In March the competition, headed up by board member Warren Techentin and cosponsored by the National Endowment for the Arts, named five winning resurrection schemes, one of which breathes life into the Dutchess Mall. A group of recent Harvard Design School grads calling itself Interboro reprograms the mall for small businesses, artists, and a day-care center. “Our retail builds off small-scale urban things that already happen there, such as the flea market,” team member Christine Williams says, naming a summer stage and a beer garden as possible seasonal additions.
Pierre De Angelis and Carmen Suero recommend more permanent changes that would reinvent the way we shop. Their entry proposes demolishing North Hollywood’s Valley Plaza and rebuilding a fraction of the original square footage as a series of modules, then grouping them by product (a pants section, for example). “We reduced the redundancy typically associated with malls,” De Angelis says. “All the storefronts are gone; we got rid of repetitive cashiers.” That opens up space for a farmers market and linear park. Architecture firm Stoner Meek also opts for demolition, partially flooding another California mall, Vallejo Plaza, to expand a nearby estuary, with remaining land devoted to recreation, a wind farm, and an electric-car dealership.
Central Office of Architecture (COA) and the team of Elizabeth Meyer and Anne Rosenberg hyperbolize the current state of American shopping. COA’s plan for Hawthorne Mall, in Southern California, would include zones for different consumer behaviors, such as big-box shopping or teenage loitering. Meyer and Rosenberg envision dismantling L.A.’s Eagle Rock Mall and reintegrating it into the curvilinear streetscape of adjacent subdivisions. Retail would sprawl along that infrastructure arranged by lifestyle: California surfer dudes here and Martha Stewart wannabes there. Despite the tongue-in-cheek attitude, all of the entries are earnest about bringing public life within the walls of the semiprivate mall.

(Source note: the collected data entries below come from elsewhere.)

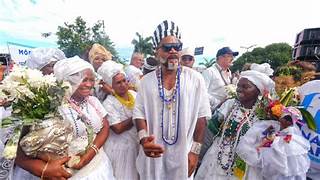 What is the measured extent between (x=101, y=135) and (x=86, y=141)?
288mm

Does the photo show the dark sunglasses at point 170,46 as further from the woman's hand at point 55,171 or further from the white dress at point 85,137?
the woman's hand at point 55,171

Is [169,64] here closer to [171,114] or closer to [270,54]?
[171,114]

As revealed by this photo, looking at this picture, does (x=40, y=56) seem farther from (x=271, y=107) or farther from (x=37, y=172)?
(x=271, y=107)

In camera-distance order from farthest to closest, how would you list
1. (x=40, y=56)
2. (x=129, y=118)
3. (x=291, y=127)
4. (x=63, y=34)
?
(x=63, y=34)
(x=40, y=56)
(x=129, y=118)
(x=291, y=127)

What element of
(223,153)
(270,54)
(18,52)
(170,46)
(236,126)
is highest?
(170,46)

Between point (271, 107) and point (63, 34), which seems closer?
point (271, 107)

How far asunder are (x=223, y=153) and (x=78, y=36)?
30.6 meters

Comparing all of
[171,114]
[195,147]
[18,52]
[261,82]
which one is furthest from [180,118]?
[18,52]

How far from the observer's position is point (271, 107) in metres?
3.51

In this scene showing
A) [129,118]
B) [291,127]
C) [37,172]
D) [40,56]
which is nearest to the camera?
[37,172]

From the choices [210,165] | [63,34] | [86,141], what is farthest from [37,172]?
[63,34]

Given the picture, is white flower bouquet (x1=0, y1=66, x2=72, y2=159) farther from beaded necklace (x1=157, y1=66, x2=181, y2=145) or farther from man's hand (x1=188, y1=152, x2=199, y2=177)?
man's hand (x1=188, y1=152, x2=199, y2=177)

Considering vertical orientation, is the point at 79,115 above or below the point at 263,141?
above

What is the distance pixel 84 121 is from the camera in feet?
10.8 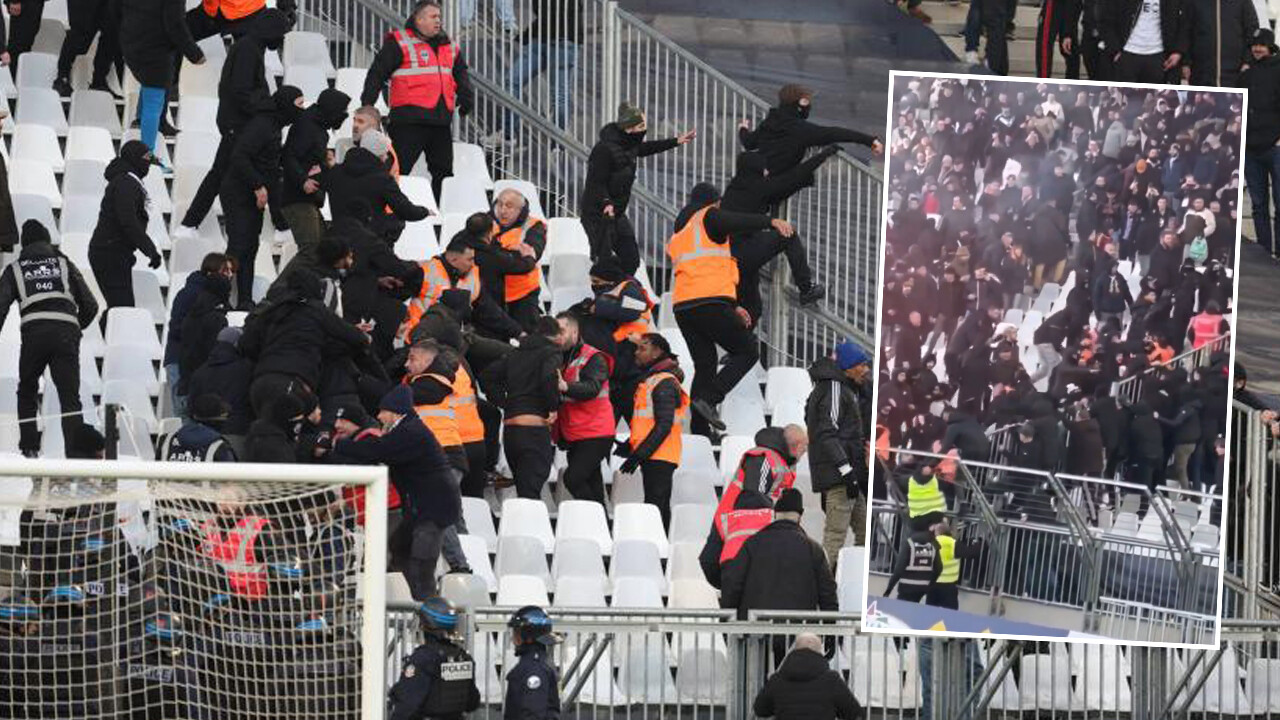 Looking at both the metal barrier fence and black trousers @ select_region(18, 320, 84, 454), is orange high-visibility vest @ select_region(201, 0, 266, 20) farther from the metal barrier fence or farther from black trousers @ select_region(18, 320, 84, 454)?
black trousers @ select_region(18, 320, 84, 454)

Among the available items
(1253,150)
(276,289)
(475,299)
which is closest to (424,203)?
(475,299)

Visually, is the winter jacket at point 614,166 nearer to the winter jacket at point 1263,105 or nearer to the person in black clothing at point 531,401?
the person in black clothing at point 531,401

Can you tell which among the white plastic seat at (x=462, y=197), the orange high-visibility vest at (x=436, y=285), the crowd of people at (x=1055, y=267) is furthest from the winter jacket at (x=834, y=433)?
the crowd of people at (x=1055, y=267)

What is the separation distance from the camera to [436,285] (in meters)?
18.0

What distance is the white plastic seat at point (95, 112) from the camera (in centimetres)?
2039

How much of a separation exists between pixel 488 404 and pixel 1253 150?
28.2 ft

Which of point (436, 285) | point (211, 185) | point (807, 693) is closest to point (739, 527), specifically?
point (807, 693)

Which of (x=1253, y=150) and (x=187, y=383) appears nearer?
(x=187, y=383)

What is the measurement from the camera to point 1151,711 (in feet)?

Mark London (“The Mall Doctor,” May 1999), however, thinks none of the schemes are for this lifetime. “I’ve seen churches, I’ve seen offices, I’ve seen all kinds of things happen,” London says, but he doubts that the winning concepts of this competition could generate profit. The L.A. Forum wants the people to judge: a traveling exhibition has just closed in Las Vegas and travels next to Austin and New York.